Most of the orphans sent to the Children’s Village came from “two orphanages in Los Angeles and one in San Francisco,” said keynote speaker Cathy Irwin, an associate professor of English at the University of La Verne and the author of “Twice Orphaned: Voices From the Children’s Village of Manzanar.”
According to Irwin, the average age of the 10,000 internees at Manzanar was only 17-and-a-half years of age, and the average age of the children at Children’s Village was only 8 years old.
Irwin questioned “how an 8-year-old orphan could be a national security threat.” But prejudice prevailed. Yet, according to a 1949 article in the Pacific Citizen, Col. Karl R. Bendetsen, the Army’s chief evacuation architect in Washington, D.C., said, “I am determined that if they have one drop of Japanese blood in them, they must all go to [an internment] camp.”
Just being incarcerated behind barbed-wire fences and housed in barracks disrupted family life,” said Irwin. Life in the camps took away many of the normal day-to-day types of interactions and activities that families would normally experience and undermined the authority of the parents.
Embrey also spoke to the renewed significance of what happened at Manzanar and expressed concern about “the (political) climate taking a dangerous turn as voices are daily being heard that we would like to speak against.” He emphasized that “we need to speak to this atrocity to those in power.
“Race prejudice, war hysteria and a failure of political leadership were the driving forces behind the internment,” Embrey continued. “We know there was no military necessity to incarcerate 101 orphans. We know there was no military necessity to place anyone behind barb wire . . . in 1942 many knew this, but few stood up to say this is wrong.”

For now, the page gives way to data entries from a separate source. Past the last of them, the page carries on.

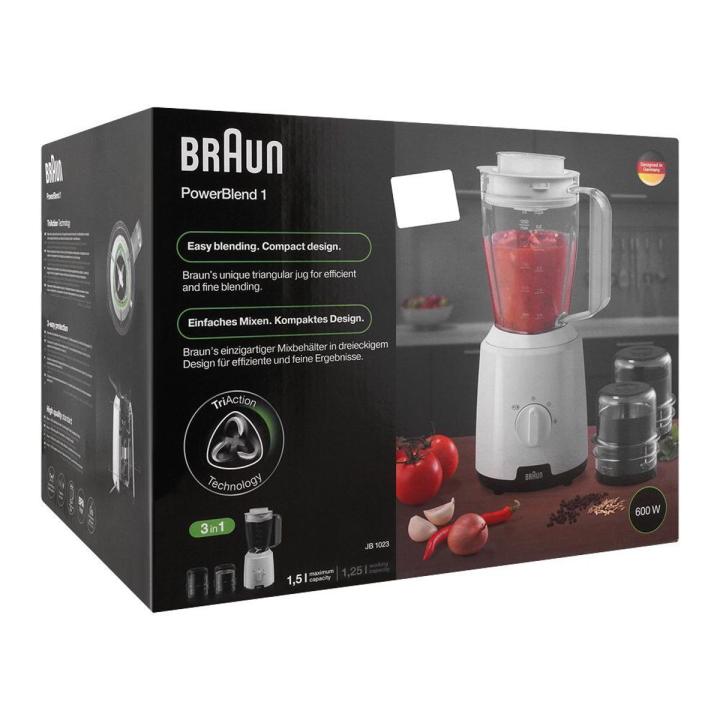 Braun PowerBlend 1 Jug blender JB 1023 Black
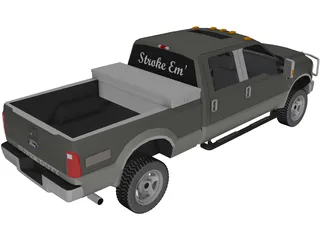 Ford F-250 XLT Short Box (2010) 3D Model preview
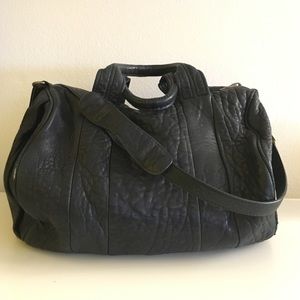 Alexandar Wang Black Leather Bag W/ Studded Bottom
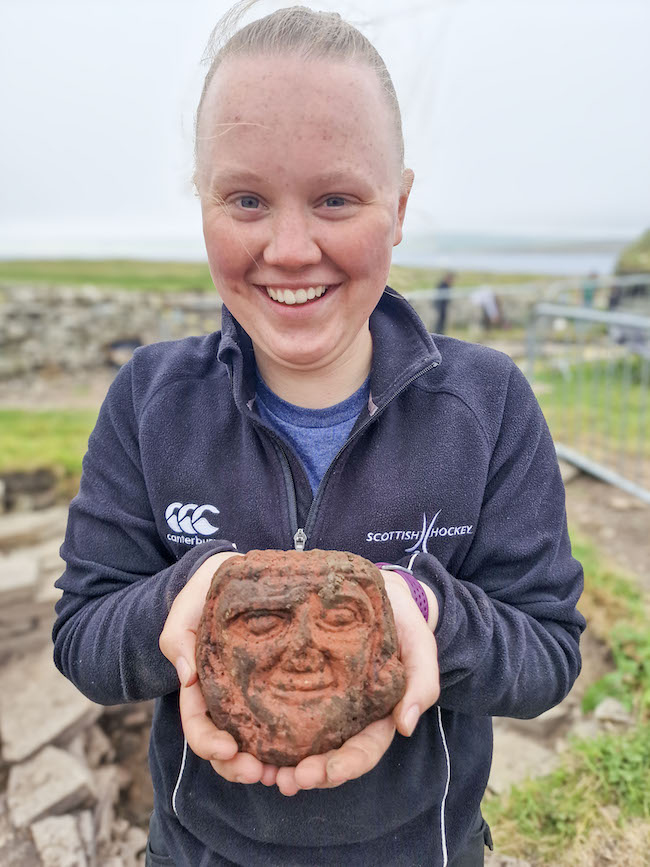 Head unearthed at Rousay dig branded 'fascinating enigma' - The ...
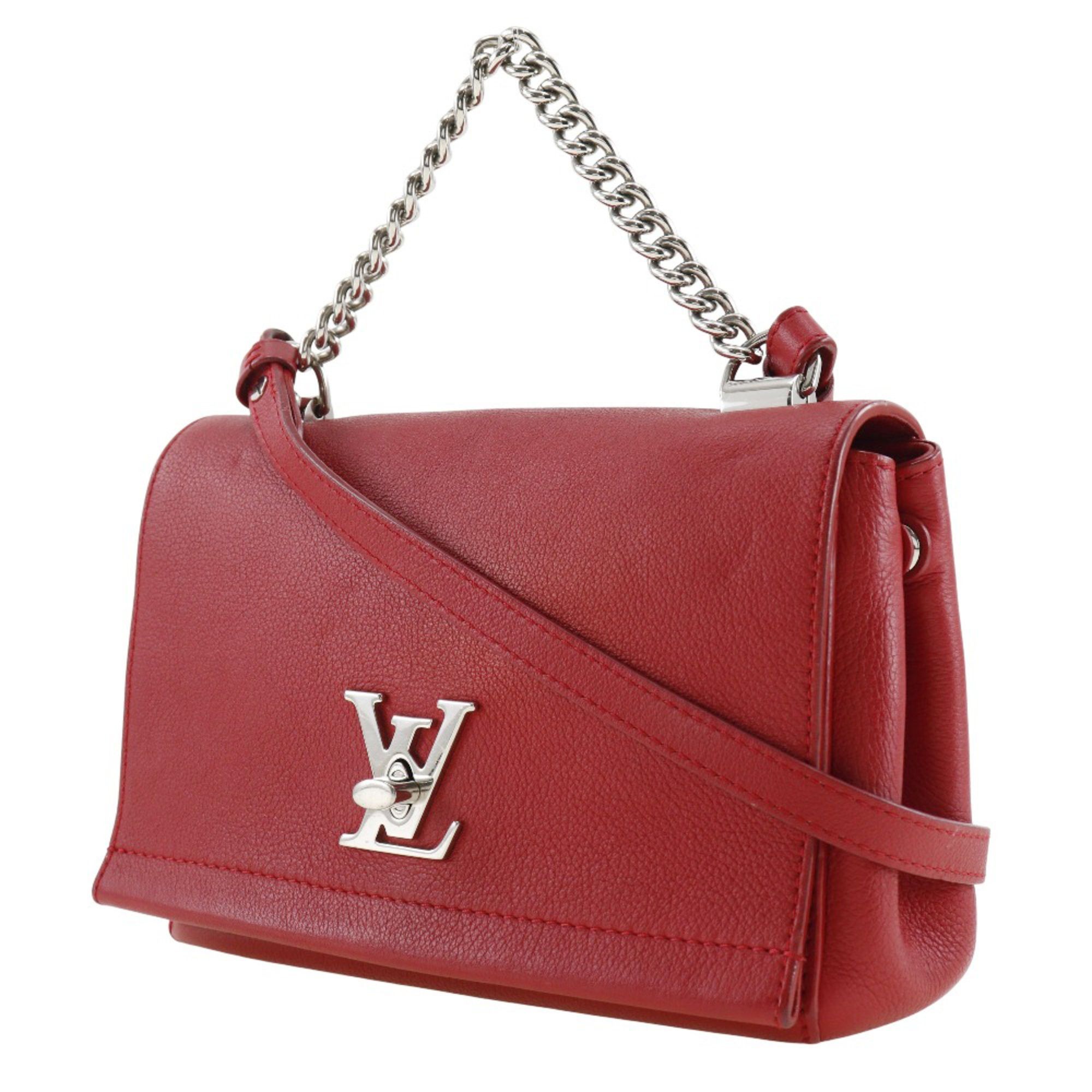 Louis Vuitton Louis Vuitton Rock Me BB Shoulder Bag, 2-Way, M51202, Calfskin Ruby, Made in France, 2017, Red, DU0197, Turnlock, BB, Women's Size ONE SIZE - 2 Thumbnail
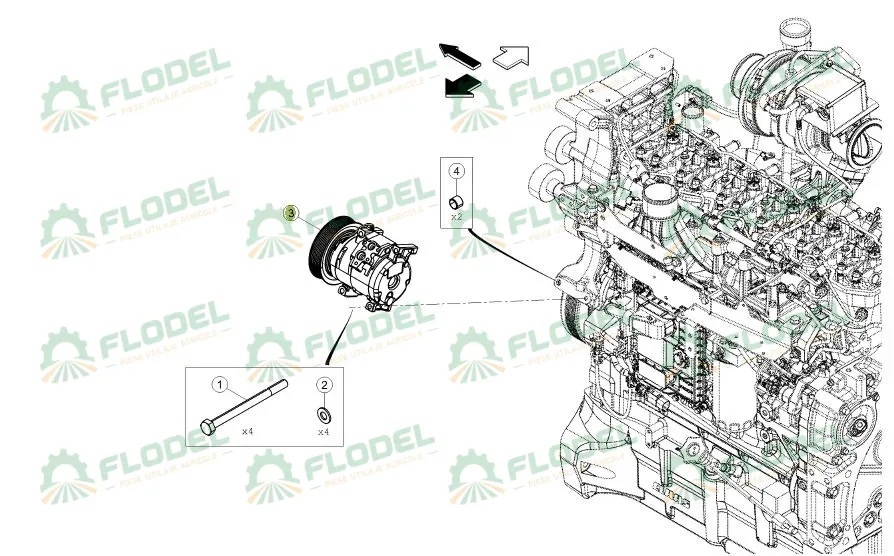 Compresor clima tractor CLAAS AXION 0021894090 DENSO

Embrey cautioned that many of the same arguments used to incarcerate Japanese Americans in 1942 are being voiced by current presidential candidates, mayors and other political leaders, including even a
general.
“We must add our voices against those who would take away the Constitutional rights of others on the basis of their race, language, religion or because they look different,” said Embrey. “That is what happened to us in 1942. We must remember so America does not forget.”

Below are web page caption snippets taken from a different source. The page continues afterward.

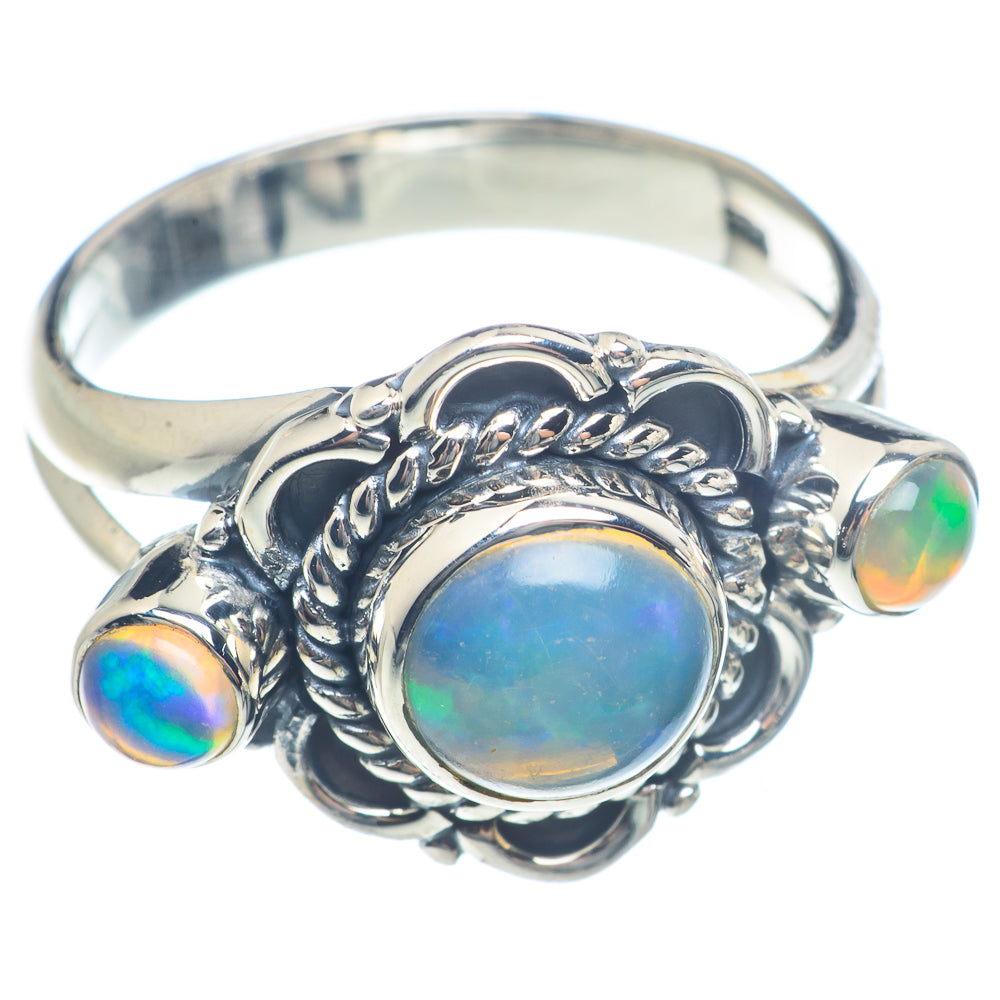 Ethiopian Opal Rings handcrafted by Ana Silver Co - RING71891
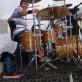Playing in the church with my setup.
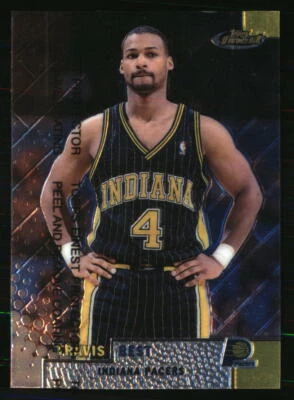 Travis Best 1999-00 Finest #100 BASKETBALL Card - Image 1 of 2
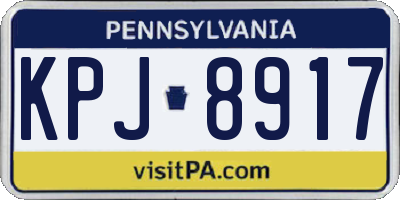 PA license plate KPJ8917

The final speaker, Maytha Alhassen, a Southern California native and University of Southern California Provost Ph.D. Fellow in American Studies and Ethnicity, spoke forcefully on behalf of America’s Muslim and Arab communities.
Alhassen said that after 9/11, the Japanese American community in Los Angeles and the Manzanar Committee supported Muslims and Arabs, saying “Never forget” in reference to what happened to Japanese Americans during World War II.
She noted since 9/11, Muslim and Arab communities have been facing “fear-driven questions about their identity and loyalty.” She went on to say that the 9/11 attacks created “xenophobia, racism, prejudice and collective fear . . . toward Muslims and Arabs,” and spoke of 5,000 men who were placed in “preventive detention” and another 170,000 Muslim men that had to complete “special registration.”
Alhassen also cautioned that after 9/11, Congress passed the Patriot Act, which she called “an assault on all our freedoms.” She also called out presidential candidate Donald Trump for his “anti-Muslim rhetoric,” saying that he even went so far as to say that the incarceration of Japanese Americans during World War II was justified. In another example, Alhassen shared, “There was a mayor in Virginia who cited the relocation camps as having set a precedent that could be used for Syrian refugees.”
Alhassen’s final comment, ending the presentation part of the program, was for everyone “to embrace collective love over fear.”